### WHAT YOU HAVE TO DO
Copy out the data below from the line containing "A modern armchair" to the line containing "Personalized Leather Handbag", both lines included, with all images left out.

### RECORDS SUPPLIED
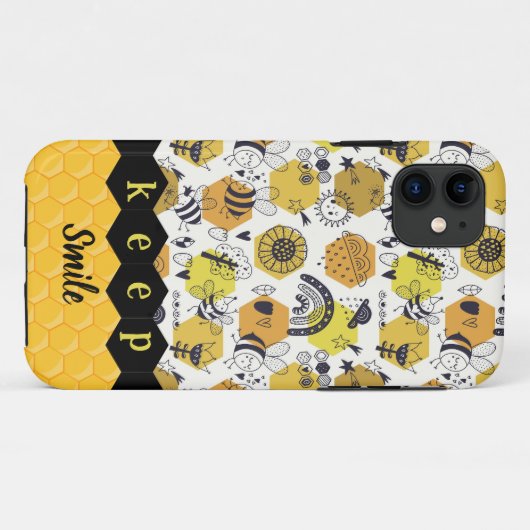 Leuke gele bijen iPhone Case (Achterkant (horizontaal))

* * *

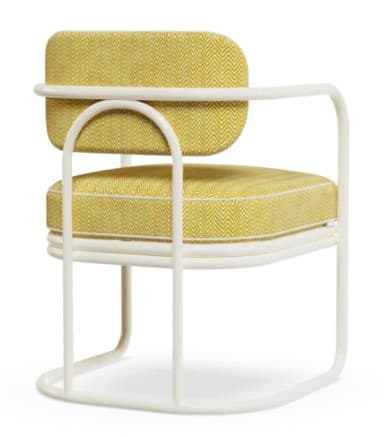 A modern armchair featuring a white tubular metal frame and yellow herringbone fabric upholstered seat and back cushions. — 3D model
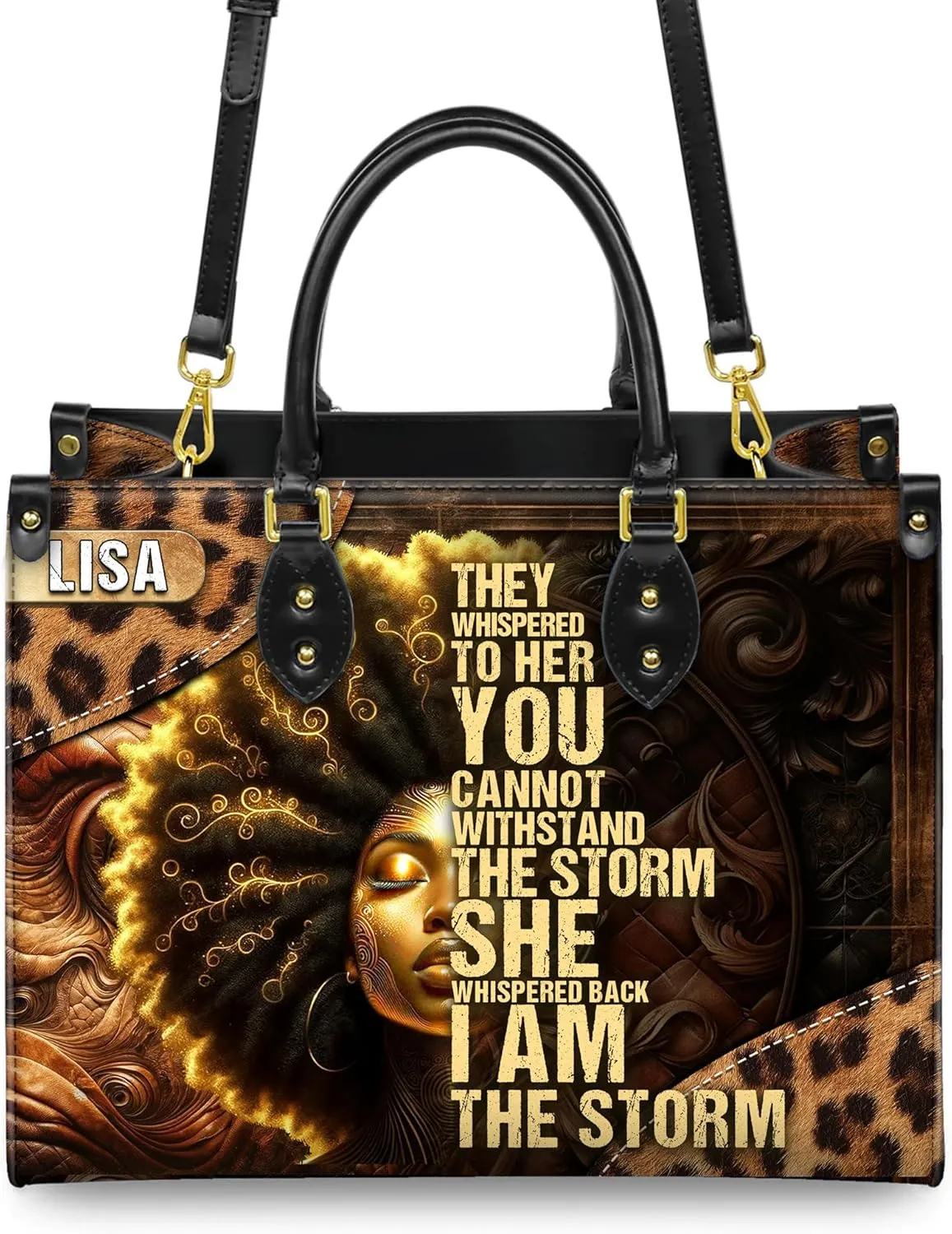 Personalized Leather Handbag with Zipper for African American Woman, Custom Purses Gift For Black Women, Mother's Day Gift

* * *

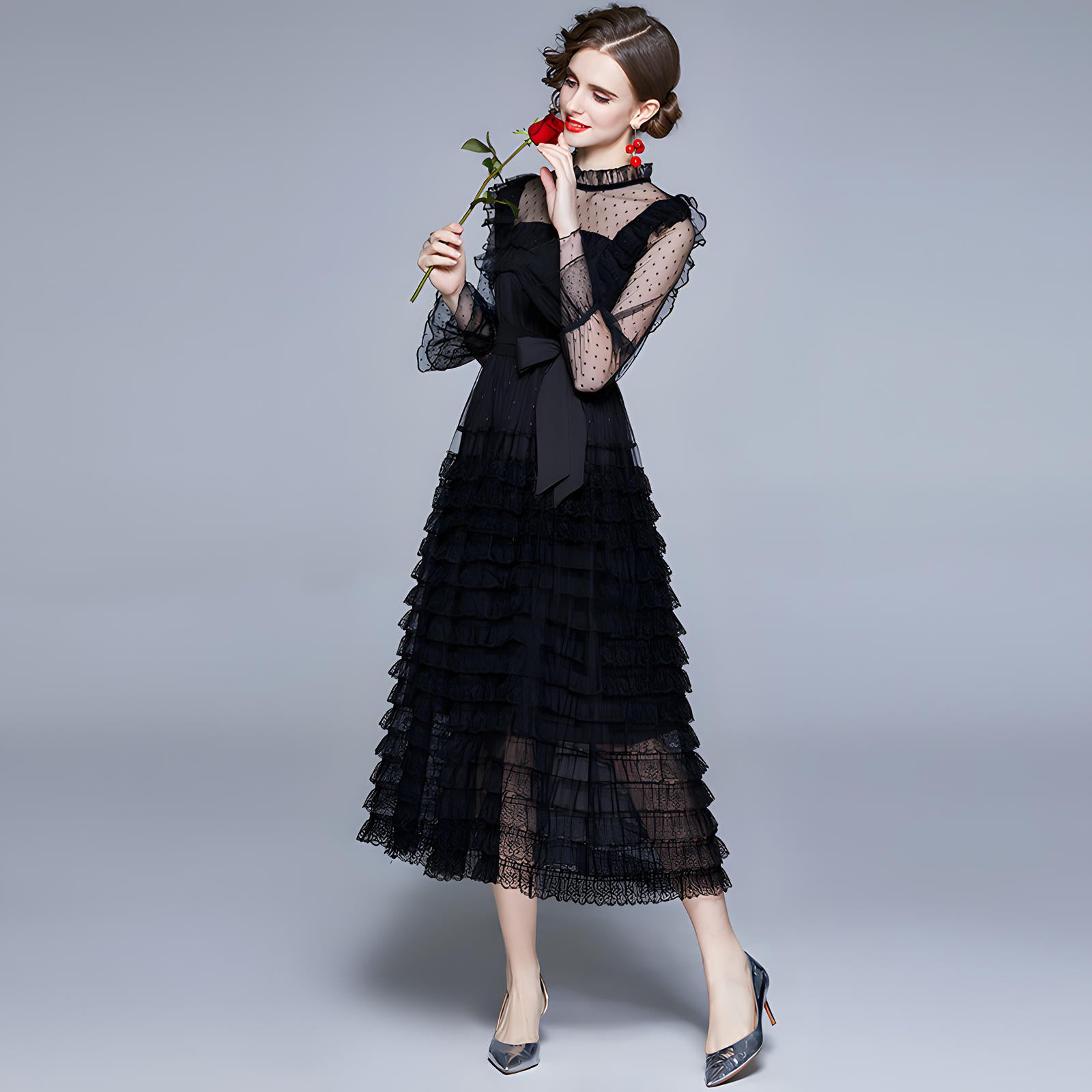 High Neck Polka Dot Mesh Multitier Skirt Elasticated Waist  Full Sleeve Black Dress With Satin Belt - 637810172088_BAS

### RESULT OF THE EXERCISE
 A modern armchair featuring a white tubular metal frame and yellow herringbone fabric upholstered seat and back cushions. — 3D model
 Personalized Leather Handbag with Zipper for African American Woman, Custom Purses Gift For Black Women, Mother's Day Gift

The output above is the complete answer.